The John F. Kennedy Center for the Performing Arts board of trustees elected President Donald Trump as its new chair Feb. 12 after Trump dismissed more than half of the board and appointed a new interim executive director Feb. 10.
Kennedy Center president Deborah Rutter then resigned, according to a statement made to The Hoya, hours after Trump’s election. Trump installed Richard Grenell, former ambassador to Germany and outspoken ally of the president, as the new head of the national cultural center, which frequently partners with Georgetown University.
Maya Roth, director of the theatre program in Georgetown’s department of performing arts, said she is worried the Kennedy Center will not produce diverse programming under Trump, reducing its value to Georgetown as a cultural partner.
“What our students are drawn to is a range of work,” Roth told The Hoya. “And if there’s not a range of work that’s being recognized, and if there’s less educational value and there’s less listening to the work people are interested in doing, then we’re unlikely to engage with the Kennedy Center as much.”

Georgetown frequently partners with the Kennedy Center, including an annual celebration of Martin Luther King, Jr., student discounts, trips to the Center with the performing arts department and student work features at festivals.
Caitlin Cassidy (COL ’11), who produced a project at the Kennedy Center in April 2023 with Georgetown’s Laboratory for Global Performance and Politics, which centers human stories in global politics through theater, said engaging with the Kennedy Center as a student encouraged her to be an artist, an experience she worries future students may not have.
“When I was a student at Georgetown, just having access to a broad, diverse set of artists and work made me who I am,” Cassidy told The Hoya. “It inspired me to become the kind of artist that I am. Seeing my Arab community represented there was game changing for me, and I think that having access, period, is going to be an issue — and then having access to a broad range of work.”
Trump used media and social media posts to cite propaganda against the United States, drag shows that he claimed harmed children and “woke” culture as reasons for the leadership changes.
Roth said Trump’s moves threaten free expression and are concerning for the future of the Kennedy Center.
“This idea of controlling arts and culture — that’s the kind of thing that dictators do,” Roth said. “That is wrong.”
“The idea that programming should be determined by any president is inappropriate — and by a president who has not made art and culture a primary part,” Roth added.
The Kennedy Center, founded by Congress to honor the memory of former President John F. Kennedy through the arts, receives only 16% of its funds from the federal government for operational expenses. While the president appoints and dismisses members of the board of trustees, the Center has a history of being apolitical — half of the board during Biden’s tenure were Trump appointees.
Derek Goldman, executive director of the Laboratory for Global Performance and Politics, said Georgetown will support artists while the future of the Kennedy Center is uncertain.
“Georgetown as a whole, given its broader values and mission — and the lab specifically — is positioned to be really meaningful in a time like this because we’re nimble and we’re all about relationships,” Goldman told The Hoya. “We’re all about human relationships and networks and connecting people at a human level.”

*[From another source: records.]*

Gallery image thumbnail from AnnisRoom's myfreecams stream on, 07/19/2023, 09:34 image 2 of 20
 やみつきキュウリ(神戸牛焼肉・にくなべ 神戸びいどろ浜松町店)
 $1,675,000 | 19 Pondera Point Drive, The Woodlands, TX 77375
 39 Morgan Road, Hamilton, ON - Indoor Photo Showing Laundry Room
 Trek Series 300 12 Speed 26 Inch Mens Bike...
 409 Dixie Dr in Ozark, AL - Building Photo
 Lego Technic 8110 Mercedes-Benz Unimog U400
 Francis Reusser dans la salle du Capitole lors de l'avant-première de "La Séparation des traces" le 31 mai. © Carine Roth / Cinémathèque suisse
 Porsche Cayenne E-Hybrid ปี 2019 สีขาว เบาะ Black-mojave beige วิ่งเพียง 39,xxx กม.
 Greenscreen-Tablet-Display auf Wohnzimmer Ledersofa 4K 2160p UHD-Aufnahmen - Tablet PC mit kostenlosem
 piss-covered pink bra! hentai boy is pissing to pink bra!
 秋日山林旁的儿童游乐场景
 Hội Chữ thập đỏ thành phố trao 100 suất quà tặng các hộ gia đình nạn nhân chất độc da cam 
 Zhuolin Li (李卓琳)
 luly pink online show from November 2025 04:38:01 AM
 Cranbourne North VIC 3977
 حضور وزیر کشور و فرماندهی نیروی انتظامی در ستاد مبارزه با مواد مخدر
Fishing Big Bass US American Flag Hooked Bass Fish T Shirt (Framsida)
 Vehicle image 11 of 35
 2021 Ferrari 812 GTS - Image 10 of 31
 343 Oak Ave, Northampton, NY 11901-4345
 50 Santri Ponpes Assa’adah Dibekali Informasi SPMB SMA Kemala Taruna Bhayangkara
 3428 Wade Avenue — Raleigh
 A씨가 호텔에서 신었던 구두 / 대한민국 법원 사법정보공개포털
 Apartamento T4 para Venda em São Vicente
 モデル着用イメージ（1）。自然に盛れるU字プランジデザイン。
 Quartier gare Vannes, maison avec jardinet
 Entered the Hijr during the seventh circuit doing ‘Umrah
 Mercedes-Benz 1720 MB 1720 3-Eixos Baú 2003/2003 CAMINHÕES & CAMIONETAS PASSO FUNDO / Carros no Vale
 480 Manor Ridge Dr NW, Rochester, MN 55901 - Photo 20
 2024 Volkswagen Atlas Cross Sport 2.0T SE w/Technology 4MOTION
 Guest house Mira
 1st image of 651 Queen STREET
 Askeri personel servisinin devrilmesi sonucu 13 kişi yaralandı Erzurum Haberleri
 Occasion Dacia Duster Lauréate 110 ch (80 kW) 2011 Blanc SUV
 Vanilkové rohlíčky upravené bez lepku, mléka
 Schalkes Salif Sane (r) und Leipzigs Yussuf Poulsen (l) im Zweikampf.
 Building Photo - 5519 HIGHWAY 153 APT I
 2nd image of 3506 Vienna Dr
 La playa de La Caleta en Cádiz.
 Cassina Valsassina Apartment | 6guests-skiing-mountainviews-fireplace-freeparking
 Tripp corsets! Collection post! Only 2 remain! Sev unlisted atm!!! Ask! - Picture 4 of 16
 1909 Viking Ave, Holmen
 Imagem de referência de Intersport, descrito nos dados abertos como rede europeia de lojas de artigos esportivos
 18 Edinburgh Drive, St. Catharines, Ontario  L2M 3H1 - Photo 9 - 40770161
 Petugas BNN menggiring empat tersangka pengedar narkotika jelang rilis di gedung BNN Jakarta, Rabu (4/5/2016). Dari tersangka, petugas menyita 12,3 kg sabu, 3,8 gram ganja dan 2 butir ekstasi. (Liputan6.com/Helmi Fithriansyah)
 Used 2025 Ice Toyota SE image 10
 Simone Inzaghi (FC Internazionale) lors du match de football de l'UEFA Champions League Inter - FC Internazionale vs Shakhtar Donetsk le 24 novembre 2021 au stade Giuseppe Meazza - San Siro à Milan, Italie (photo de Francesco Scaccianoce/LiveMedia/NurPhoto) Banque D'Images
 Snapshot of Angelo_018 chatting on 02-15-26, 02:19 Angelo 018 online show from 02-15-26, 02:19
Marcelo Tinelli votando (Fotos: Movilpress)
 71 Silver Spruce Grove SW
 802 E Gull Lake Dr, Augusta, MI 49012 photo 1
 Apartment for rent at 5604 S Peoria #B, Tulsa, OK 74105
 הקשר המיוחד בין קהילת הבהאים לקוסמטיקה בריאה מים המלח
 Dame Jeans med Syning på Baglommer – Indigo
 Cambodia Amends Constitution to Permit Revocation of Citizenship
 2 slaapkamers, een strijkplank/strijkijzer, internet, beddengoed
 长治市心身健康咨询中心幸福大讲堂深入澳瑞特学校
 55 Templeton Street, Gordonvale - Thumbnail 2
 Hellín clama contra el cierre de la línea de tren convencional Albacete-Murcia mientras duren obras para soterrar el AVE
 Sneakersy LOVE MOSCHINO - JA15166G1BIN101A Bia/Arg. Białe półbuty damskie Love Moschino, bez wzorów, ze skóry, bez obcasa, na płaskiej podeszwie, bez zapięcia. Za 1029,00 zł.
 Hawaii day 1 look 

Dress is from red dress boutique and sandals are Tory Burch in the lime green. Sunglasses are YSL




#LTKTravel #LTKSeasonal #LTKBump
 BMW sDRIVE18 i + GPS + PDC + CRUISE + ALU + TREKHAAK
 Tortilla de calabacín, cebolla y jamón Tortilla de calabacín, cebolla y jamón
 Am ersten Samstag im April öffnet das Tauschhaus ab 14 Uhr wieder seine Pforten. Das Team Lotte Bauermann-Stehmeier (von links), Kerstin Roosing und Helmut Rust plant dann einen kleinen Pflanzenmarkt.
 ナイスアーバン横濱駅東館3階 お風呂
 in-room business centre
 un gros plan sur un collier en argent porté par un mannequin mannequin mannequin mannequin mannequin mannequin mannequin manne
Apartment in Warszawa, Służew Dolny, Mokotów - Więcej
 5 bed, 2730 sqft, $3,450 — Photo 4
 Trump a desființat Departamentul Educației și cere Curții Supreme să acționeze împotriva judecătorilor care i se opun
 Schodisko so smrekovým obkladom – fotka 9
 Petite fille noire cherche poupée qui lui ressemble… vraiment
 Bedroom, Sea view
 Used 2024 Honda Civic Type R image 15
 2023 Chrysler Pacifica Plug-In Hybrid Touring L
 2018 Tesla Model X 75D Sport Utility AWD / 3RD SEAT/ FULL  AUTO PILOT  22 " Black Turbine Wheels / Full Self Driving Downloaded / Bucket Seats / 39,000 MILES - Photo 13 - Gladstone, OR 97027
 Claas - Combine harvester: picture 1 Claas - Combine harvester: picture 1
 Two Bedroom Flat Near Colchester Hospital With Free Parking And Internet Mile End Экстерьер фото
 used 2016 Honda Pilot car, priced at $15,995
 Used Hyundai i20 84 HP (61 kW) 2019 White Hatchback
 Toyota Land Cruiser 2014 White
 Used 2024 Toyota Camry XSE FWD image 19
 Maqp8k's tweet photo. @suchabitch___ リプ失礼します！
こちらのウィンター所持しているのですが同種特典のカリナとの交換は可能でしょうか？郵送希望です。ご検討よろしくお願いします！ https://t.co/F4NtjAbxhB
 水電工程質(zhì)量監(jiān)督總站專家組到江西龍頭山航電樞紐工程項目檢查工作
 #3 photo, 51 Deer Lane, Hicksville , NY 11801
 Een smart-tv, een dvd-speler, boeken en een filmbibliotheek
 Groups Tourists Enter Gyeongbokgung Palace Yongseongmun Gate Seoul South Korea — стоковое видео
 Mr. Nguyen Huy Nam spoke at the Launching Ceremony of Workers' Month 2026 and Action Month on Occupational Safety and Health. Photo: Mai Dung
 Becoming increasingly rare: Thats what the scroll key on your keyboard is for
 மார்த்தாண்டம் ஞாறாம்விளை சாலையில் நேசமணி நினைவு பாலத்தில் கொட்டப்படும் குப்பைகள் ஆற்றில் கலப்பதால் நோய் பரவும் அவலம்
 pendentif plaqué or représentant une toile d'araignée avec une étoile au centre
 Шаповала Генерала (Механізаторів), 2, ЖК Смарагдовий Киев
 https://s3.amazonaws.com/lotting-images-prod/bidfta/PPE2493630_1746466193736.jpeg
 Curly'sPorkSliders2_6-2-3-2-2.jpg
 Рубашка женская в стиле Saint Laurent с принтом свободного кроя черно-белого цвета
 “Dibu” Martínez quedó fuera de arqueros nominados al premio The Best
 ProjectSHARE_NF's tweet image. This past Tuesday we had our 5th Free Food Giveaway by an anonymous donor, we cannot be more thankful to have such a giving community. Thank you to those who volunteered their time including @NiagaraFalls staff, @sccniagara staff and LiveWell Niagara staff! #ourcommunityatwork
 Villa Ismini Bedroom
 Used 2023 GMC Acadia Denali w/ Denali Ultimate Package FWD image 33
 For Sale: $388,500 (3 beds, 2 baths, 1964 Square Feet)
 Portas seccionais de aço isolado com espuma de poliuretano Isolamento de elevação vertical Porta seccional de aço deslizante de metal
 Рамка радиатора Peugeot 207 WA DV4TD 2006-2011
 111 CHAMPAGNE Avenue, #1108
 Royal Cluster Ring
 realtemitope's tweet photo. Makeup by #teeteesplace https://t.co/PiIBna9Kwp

“Ultimately, the arts aren’t done by institutions, they’re done by human beings,” Goldman added.
Anita Gonzalez, a performing arts professor and co-founder of Georgetown’s Racial Justice Institute, which researches solutions to racism, said she is confident artists will be able to create and perform their work elsewhere.
“I’m very sad about the Kennedy Center possibly being gutted or made into a censored space, as I would call it,” Gonzalez told The Hoya. “But there are so many places where performance is done.”
“People make stories all the time, about all kinds of things, and we just need to find venues to put them in,” Gonzalez added. “And if the Kennedy Center is exiting itself out as a venue in which we can participate, I’m sure we will find other venues.”
Goldman said that while he is concerned about the Center’s future, he is wary of panic and finds solace in individual artists’ work.
“It’s a time to actually stay grounded and stay really vigilant in the value and power of the work that we’ve all been doing for decades,” Goldman said. “And that will continue. The importance and role and power of the arts, and the huge communities and sectors that do that, that’s not changing.”